[Start of section]
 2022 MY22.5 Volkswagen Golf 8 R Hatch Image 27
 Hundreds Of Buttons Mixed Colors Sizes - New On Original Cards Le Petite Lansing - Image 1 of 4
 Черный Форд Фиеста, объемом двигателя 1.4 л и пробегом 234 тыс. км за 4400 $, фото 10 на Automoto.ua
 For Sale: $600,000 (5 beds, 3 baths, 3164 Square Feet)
[End of section]
[Start of section]
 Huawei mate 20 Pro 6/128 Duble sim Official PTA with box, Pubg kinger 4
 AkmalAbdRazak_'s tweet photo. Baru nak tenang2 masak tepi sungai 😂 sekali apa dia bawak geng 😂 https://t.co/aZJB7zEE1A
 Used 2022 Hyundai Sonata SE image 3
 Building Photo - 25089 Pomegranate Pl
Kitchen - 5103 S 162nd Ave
[End of section]
What this task involves. Your answer should be the lines above, from the line containing "2022 MY22.5 Volkswagen" up to and including the line containing "Черный Форд Фиеста, объемом", reproduced exactly and with nothing else.

Finished task.
 2022 MY22.5 Volkswagen Golf 8 R Hatch Image 27
 Hundreds Of Buttons Mixed Colors Sizes - New On Original Cards Le Petite Lansing - Image 1 of 4
 Черный Форд Фиеста, объемом двигателя 1.4 л и пробегом 234 тыс. км за 4400 $, фото 10 на Automoto.ua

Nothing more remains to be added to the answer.